Touring children’s shows to theatres for full week runs has always posed a problem. The producer usually wants to play only matinees. Yes, some shows, including Vicky Ireland’s, Jacqueline Wilson adaptations and my Dahl adaptations, have a wide age-range appeal and can attract families in the evening as well as schools during the day. But a play for primary school-age children or under-fives is unlikely to attract an evening audience even on a Friday or Saturday. Theatre managers understandably resist a week of matinees only – no bar takings or restaurant business. So sometimes they suggest the children’s show might play on top of the evening adult show. Sounds like a good idea. But, if the children’s show has a full set and lighting rig, it often won’t fit on top of the adult show without compromise. And, traditionally, the adult show will always assume priority! So the children’s show suffers by having to make unwelcome adjustments. This can lead to unpleasantness. I remember having to summon a regional theatre manager from his bed at two o’clock in the morning to come and insist that the company manager of the already up and running adult show should de-rig some of the scenery to accommodate my Whirligig show, as previously discussed in detail and agreed by both producers. On the stage there was deadlock – and we were opening eight hours later!

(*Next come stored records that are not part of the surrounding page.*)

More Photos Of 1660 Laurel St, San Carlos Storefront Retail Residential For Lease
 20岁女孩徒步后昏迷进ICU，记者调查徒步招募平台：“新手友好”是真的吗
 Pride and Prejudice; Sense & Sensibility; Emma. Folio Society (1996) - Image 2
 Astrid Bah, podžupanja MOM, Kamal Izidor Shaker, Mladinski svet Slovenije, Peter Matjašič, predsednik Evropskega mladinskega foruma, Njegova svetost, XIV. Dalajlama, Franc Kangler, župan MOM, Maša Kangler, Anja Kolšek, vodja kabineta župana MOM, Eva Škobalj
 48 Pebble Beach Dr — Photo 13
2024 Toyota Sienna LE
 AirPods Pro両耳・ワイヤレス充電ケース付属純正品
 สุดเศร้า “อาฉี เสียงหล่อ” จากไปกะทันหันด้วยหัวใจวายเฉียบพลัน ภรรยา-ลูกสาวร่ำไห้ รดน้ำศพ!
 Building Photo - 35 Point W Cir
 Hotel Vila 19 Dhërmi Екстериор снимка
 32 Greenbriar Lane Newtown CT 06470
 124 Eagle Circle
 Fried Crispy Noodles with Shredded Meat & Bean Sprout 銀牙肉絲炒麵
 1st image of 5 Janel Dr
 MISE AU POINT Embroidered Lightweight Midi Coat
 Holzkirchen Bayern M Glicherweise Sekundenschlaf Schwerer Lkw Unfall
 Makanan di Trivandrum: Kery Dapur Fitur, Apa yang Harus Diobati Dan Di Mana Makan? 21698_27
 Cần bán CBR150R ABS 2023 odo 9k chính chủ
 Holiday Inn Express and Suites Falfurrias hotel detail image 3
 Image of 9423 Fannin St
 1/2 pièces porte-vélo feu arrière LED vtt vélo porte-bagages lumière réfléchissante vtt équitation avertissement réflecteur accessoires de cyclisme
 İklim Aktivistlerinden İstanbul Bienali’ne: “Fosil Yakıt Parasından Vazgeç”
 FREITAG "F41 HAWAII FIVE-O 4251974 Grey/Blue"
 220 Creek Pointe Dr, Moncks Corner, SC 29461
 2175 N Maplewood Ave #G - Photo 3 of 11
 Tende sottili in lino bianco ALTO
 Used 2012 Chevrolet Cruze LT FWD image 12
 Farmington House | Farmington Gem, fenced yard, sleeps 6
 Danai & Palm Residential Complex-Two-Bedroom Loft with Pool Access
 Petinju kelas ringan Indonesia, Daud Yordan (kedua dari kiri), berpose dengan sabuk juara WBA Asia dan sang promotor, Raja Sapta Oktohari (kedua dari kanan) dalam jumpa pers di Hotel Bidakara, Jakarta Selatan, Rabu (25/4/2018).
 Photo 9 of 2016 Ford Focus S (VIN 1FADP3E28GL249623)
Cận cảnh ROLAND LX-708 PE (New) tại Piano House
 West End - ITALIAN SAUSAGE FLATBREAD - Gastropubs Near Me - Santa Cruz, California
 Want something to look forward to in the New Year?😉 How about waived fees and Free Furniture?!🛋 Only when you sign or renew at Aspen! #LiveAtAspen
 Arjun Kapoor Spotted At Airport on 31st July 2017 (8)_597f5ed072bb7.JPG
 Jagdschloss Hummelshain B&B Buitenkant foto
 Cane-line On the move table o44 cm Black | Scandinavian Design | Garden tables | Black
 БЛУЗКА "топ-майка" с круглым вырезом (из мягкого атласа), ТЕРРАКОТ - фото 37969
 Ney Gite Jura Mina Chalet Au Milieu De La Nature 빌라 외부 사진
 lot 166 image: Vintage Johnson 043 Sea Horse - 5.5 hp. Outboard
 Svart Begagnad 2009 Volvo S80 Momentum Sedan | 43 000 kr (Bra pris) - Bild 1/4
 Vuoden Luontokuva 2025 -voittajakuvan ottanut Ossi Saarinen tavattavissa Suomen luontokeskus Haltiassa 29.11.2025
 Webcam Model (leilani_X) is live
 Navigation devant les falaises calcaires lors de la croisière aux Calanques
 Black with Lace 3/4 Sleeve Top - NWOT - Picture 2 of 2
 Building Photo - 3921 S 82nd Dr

(At another major touring theatre, the company manager of the evening show refused my children’s company access to any of the dressing rooms! Believe it or not, they had to get ready behind screens at the back of the orchestra pit. But that’s another story …).
Sharing on a one-off basis for, say, a Christmas season, has sometimes worked fine. My production of THE GINGERBREAD MAN once happily shared the stage of Chichester Festival Theatre with DAISY PULLS IT OFF. Way back in 1969 Robin Midgley (who sadly died recently) put my play THE OWL AND THE PUSSYCAT WENT TO SEE... on top of THE LITTLE HUT at the Phoenix, Leicester. Both shows happily used a stage covered in sand! Another sharing with OWL AND PUSSYCAT wasn’t so successful. At the old Derby Playhouse it played on top of GALILEO. The central feature of GALILEO’s set was a large, immoveable, iron, spiral staircase – hardly an ideal component of Edward Lear’s Bong Tree Island! Ironically, OWL AND PUSSYCAT played to 100%, whereas GALILEO played to about 35%. I couldn’t help thinking it would have been more logical to put GALILEO on top of OWL AND PUSSYCAT ….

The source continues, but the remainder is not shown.